=== SOURCE MATERIAL ===
____________

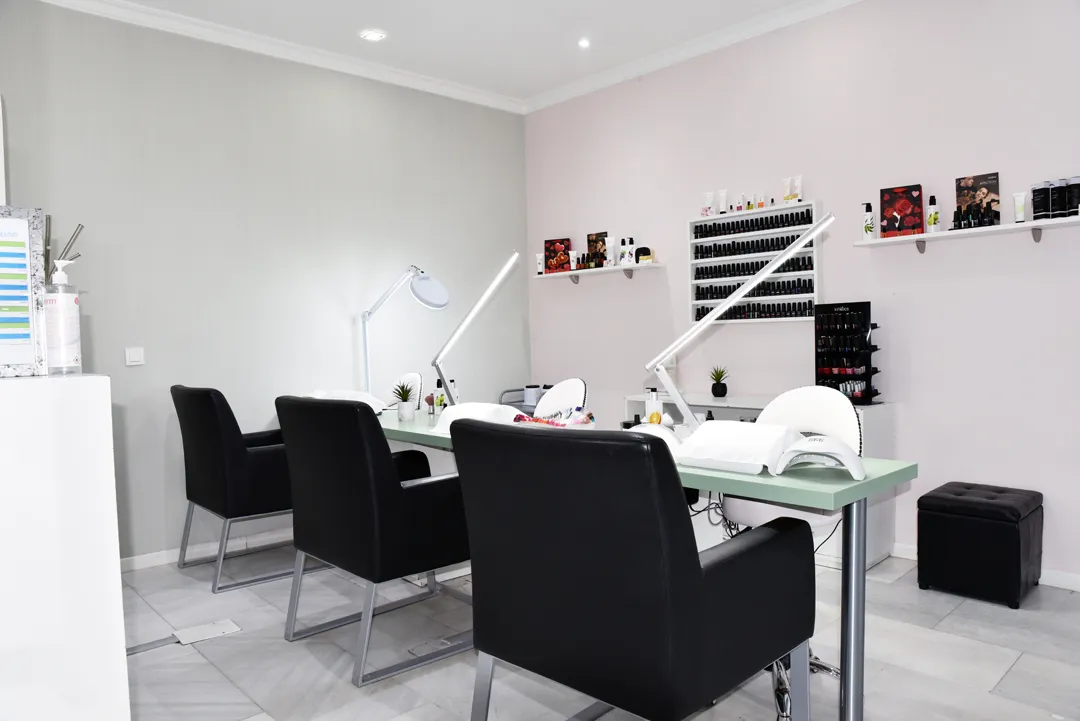 Interior del salón: tres puestos de manicura con sillones negros, lámparas de luz fría y el expositor de esmaltes al fondo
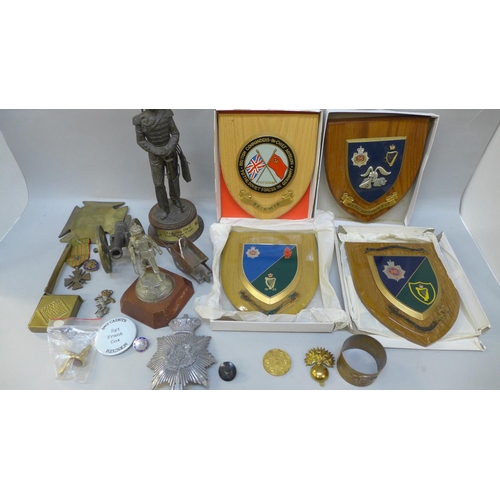 733 - Militaria; trench art, badges, plaques, model cannon, etc.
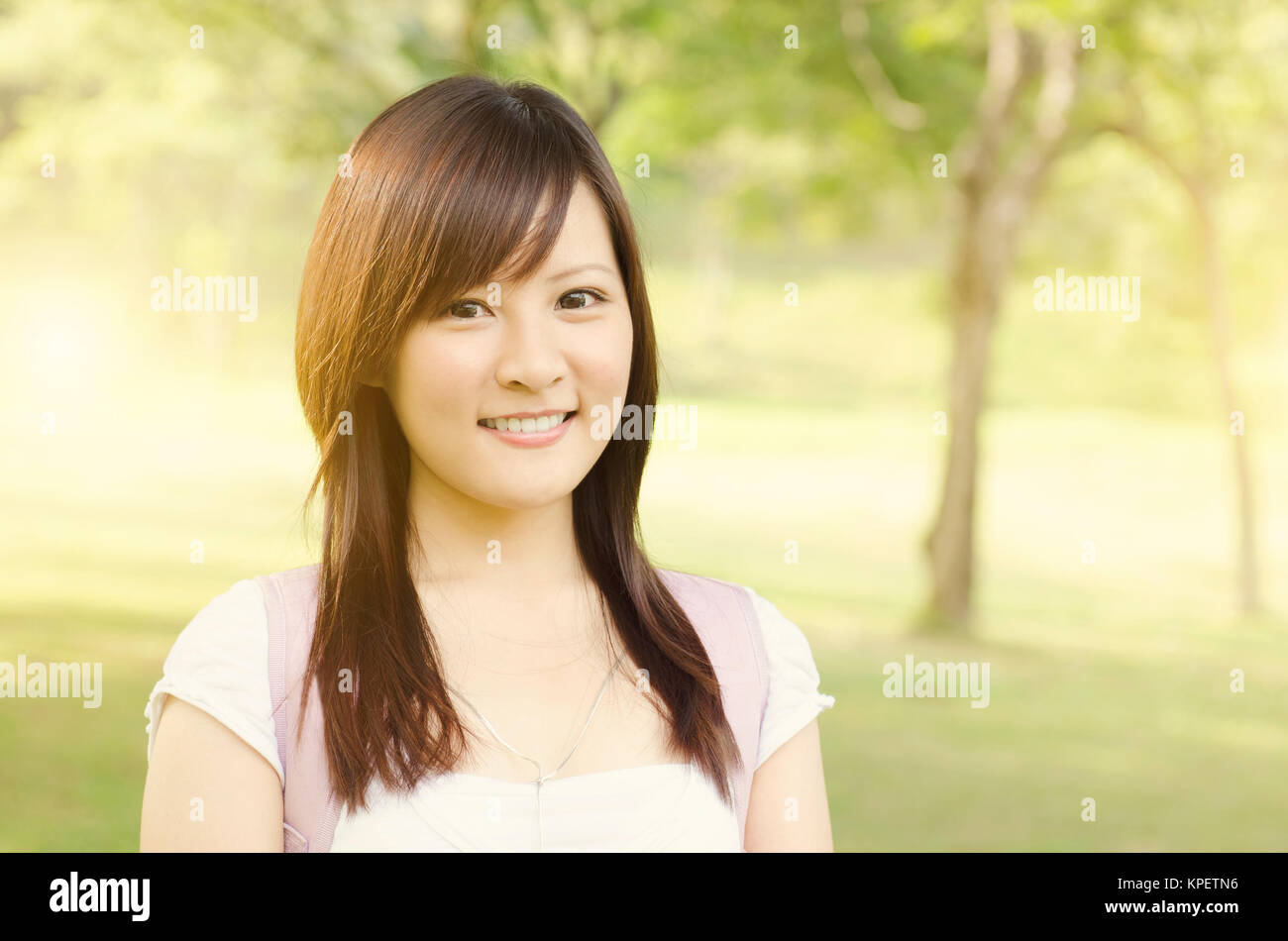 Young college girl student smiling Stock Photo - Alamy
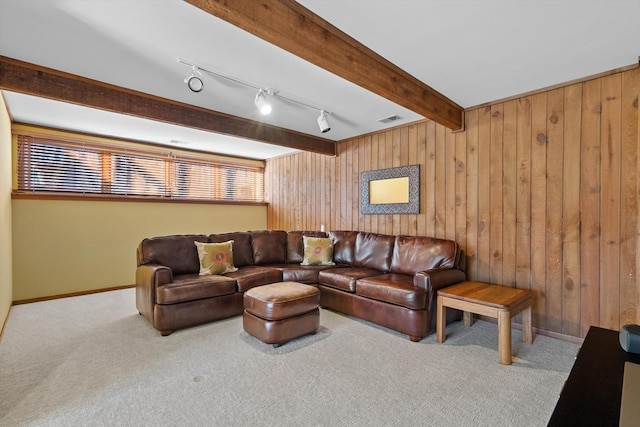 carpeted living room featuring track lighting, beam ceiling, and wood walls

____________

=== WORK TASK ===
Output the lines above verbatim, images excluded.

=== ANSWER SPACE ===
 Interior del salón: tres puestos de manicura con sillones negros, lámparas de luz fría y el expositor de esmaltes al fondo
 733 - Militaria; trench art, badges, plaques, model cannon, etc.
 Young college girl student smiling Stock Photo - Alamy
 carpeted living room featuring track lighting, beam ceiling, and wood walls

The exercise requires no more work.